La espera se hizo larga y entre dudas, nos entusiasmamos
con el semestre de Mohamed en la Sudamericana de 2010 como yo con la comunidad
de los Padres de Schoenstatt. Fue ir siguiendo partido tras partido, sin muchas
expectativas, a ver qué pasaba. Cuando nos quisimos dar cuenta estábamos en la
final. No contaron habilidades, talentos ni antecedentes. Lo mismo ocurrió con
Independiente. Vi todo el partido contra Goias al lado de Ludovico Grillo con
quien hasta ese momento me unían las reuniones semanales que el escueto equipo
de Guillo Dietrich tenía en Transporte de la Ciudad. Los penales y el posterior
triunfo derivaron en abrazos. Ese mismo día, pero al mediodía, había firmado la
petición formal para entrar a la Comunidad sacerdotal a la que hoy pertenezco.
Fue un 8 de diciembre y salimos campeones. Después de ese título y con el
ingreso a la vida religiosa llegaron las mudanzas. Yo me fui a vivir a Paraguay
llevando una vida de silencio y oración. Fue la expresión más rotunda de que la
gloria y los flashes no son para siempre. Pelear el descenso nos costó a todos.

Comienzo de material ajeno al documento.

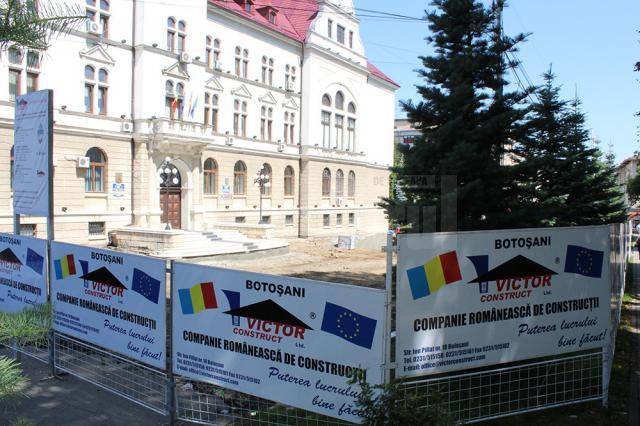 Lucrările de modernizare a zonei centrale a municipiului Suceava, în jurul Palatului Administrativ, vor fi finalizate cu două luni mai devreme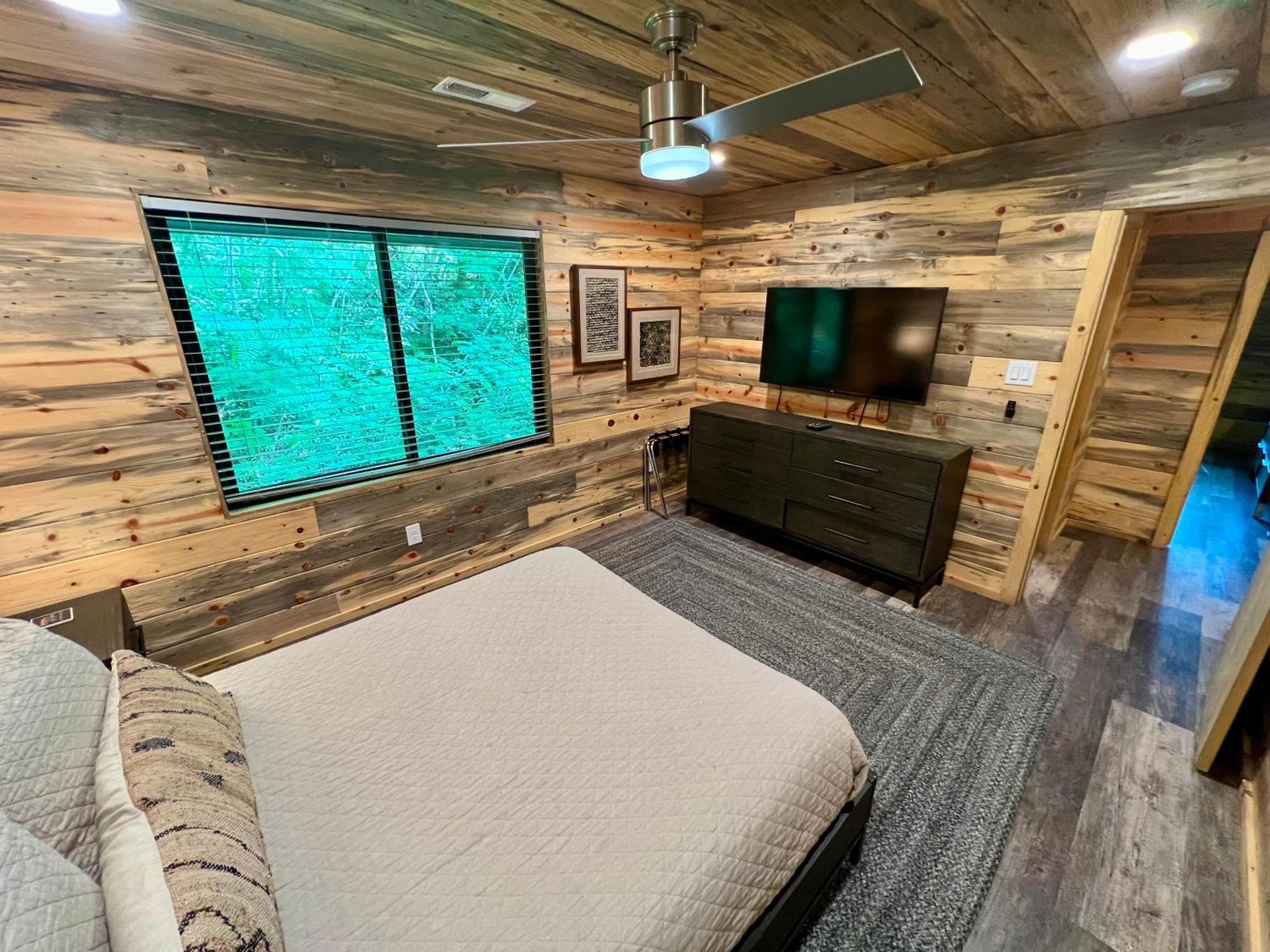 Experience Luxury At Smoky Mountain Hideaway, Just 5 Miles From Downtown Casa de Férias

El primer semestre del fatídico 2013 me encontró viviendo en San Ignacio Guazu. Naturalmente fui dependiente de Independiente. El día del partido contra River estaba todo gris y me llovía finito. “Lindo día para irnos a la mierda”, le
advertí a Palen quien por entonces caminaba hacia el curaje como yo. Vimos el
partido instalado en un bar que nos tenía como únicos clientes. Por suerte.
Gracias a eso nadie más pudo ser testigo del momento en que tiré la azucarera
por los aires cuando el descenso se hacía inevitable. Lloré. Pero lloré
muchísimo. Ni bien llegué a casa me encerré en mi cuarto, me metí en la cama y
pedí que no me molestaran. Quería dormir y despertarme con Independiente en
primera. No pedía verlo de vuelta ganando títulos internacionales. No.

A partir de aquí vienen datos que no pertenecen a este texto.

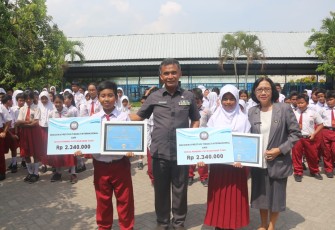 Siswa Berprestasi Yayasan Hang Tuah, Rabu (6/12)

Solamente quería verlo en primera. Salvando las distancias, fue la misma
reacción que tuve cuando el año pasado me contaron que a uno de mis amigos
seminaristas le habían detectado una leucemia avanzada. Tocamos fondo, pero gracias a Dios no
morimos.
Vi la campaña en el Nacional B por ahora en Chile. En el día
que estaba todo dado para ascender, contra Patronato, estaban mis viejos de
visita. Pobre viejo, nunca tuvo la suerte fácil y terminamos empatando. El
partido final contra Huracán lo estudié con atención mientras de reojo veía las
declinaciones del griego. La desesperación era tal que cometí el sacrilegio de
canjear el ascenso por el posible título de Argentina en el Mundial que
empezaba al día siguiente. Ese Mundial, recordarán, perdimos la final contra
Alemania y yo me sentí tan culpable de ello como Palacio por no haber definido
por abajo. No se muy bien cómo, pero terminé aprobando griego. Y con buena
nota. No fue fácil.

A horas de la gran final confirmo que volvimos a ser Tantos
años y tantas circunstancias de vida no han logrado cambiar en algo lo que es
Independiente. Saben lo que yo lo quiero, le llevo acá adentro, de mi corazón. Rezar
bastante más que la media, trabajar acompañando personas, vestirme con una
túnica blanca los fines de semana y vivir repartido entre lugares del mundo no
es incompatible con ser hincha de Independiente. Ganar títulos cada tanto,
descender, salir a la cancha con los brazos en alto y con jugadores que salen a
ganar, que quieren salir campeón y que lo llevan adentro como lo llevo yo,
tampoco es incompatible con el curaje. Todo eso es Independiente y todo eso soy
yo. Sí, Todo Rojo. Por eso, ahora tengo
claro que sin ser de Independiente no podría pretender ser sacerdote. Porque
sencillamente no sería yo. Porque volvimos. Porque hoy más que nunca -e
independiente de mi vida- Independiente es Independiente.